> **EXERCISE**: For this exercise, reproduce the entries below exactly, but only from the line containing "Продажа на аукционе" through the line containing "Athletic Works Women's", both included.

> **Brief descriptive captions**:
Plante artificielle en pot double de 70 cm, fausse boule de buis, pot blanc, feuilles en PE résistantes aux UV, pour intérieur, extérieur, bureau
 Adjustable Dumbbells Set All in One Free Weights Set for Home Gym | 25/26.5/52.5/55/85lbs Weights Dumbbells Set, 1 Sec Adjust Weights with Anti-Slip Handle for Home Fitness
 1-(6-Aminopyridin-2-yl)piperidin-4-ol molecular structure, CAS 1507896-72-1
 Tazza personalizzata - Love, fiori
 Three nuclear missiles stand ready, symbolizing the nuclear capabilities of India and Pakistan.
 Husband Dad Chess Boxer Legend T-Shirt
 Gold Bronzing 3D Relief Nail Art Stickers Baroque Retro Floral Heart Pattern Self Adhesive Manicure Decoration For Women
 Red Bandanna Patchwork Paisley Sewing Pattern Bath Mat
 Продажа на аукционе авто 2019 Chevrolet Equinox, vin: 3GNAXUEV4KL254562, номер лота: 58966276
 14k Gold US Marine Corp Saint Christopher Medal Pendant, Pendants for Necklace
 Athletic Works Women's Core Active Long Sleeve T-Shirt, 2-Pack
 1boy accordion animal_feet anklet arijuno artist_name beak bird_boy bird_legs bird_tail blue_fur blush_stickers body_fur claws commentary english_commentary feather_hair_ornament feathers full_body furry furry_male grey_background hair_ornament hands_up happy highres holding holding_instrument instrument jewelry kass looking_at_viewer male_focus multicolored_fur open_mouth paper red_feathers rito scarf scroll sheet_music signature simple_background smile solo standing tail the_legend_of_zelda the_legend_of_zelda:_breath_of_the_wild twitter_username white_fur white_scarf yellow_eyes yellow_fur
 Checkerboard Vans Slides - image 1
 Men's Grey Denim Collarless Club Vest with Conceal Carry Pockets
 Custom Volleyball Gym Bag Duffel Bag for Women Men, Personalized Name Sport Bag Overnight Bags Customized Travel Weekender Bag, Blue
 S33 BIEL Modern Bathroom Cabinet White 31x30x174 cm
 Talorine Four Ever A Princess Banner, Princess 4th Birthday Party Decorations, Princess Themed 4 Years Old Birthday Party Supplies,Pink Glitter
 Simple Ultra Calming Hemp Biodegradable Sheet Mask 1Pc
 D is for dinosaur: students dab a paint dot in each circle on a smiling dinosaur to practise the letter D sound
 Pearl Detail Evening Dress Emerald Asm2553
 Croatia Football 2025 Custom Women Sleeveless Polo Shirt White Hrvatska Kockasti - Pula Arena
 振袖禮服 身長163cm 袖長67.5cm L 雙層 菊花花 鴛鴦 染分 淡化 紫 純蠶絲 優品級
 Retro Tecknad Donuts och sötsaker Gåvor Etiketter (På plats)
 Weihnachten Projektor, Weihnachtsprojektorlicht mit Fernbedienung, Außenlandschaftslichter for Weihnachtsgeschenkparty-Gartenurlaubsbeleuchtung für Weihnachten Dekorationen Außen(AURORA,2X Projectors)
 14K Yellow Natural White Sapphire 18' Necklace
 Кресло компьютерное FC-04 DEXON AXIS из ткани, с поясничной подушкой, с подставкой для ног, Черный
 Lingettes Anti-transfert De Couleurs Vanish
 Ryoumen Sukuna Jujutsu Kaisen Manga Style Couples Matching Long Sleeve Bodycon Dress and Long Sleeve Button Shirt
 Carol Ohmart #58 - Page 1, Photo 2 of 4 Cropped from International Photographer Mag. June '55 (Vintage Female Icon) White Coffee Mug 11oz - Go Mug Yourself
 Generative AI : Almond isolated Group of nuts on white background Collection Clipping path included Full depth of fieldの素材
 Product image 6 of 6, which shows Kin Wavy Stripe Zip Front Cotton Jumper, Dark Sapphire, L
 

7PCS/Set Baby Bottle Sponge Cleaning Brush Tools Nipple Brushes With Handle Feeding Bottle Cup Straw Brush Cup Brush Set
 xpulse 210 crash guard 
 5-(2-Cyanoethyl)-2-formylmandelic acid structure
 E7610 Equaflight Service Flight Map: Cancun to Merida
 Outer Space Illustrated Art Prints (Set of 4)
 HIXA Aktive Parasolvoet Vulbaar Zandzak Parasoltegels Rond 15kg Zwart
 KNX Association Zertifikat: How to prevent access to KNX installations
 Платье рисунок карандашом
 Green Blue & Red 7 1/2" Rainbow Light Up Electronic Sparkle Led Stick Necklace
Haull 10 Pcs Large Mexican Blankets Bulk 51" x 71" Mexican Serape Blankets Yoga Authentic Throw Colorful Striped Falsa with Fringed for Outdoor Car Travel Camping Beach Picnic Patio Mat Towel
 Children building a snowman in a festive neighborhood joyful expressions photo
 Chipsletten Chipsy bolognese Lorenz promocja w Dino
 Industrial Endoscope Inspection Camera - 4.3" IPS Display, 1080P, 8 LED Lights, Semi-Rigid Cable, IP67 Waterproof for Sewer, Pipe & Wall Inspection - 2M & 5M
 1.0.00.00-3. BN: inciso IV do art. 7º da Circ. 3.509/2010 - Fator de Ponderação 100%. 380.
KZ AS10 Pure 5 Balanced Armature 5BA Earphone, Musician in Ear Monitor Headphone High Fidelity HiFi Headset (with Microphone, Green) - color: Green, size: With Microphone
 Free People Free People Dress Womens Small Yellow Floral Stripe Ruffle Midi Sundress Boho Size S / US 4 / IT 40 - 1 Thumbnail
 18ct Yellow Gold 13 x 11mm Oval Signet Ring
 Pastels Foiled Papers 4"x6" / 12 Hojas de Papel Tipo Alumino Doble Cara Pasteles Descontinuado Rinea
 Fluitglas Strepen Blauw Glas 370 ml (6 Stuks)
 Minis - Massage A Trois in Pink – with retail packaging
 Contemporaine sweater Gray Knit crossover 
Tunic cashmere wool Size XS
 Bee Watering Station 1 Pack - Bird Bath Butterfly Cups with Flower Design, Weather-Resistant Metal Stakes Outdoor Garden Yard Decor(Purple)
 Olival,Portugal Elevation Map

> **COMPLETED EXERCISE**:
 Продажа на аукционе авто 2019 Chevrolet Equinox, vin: 3GNAXUEV4KL254562, номер лота: 58966276
 14k Gold US Marine Corp Saint Christopher Medal Pendant, Pendants for Necklace
 Athletic Works Women's Core Active Long Sleeve T-Shirt, 2-Pack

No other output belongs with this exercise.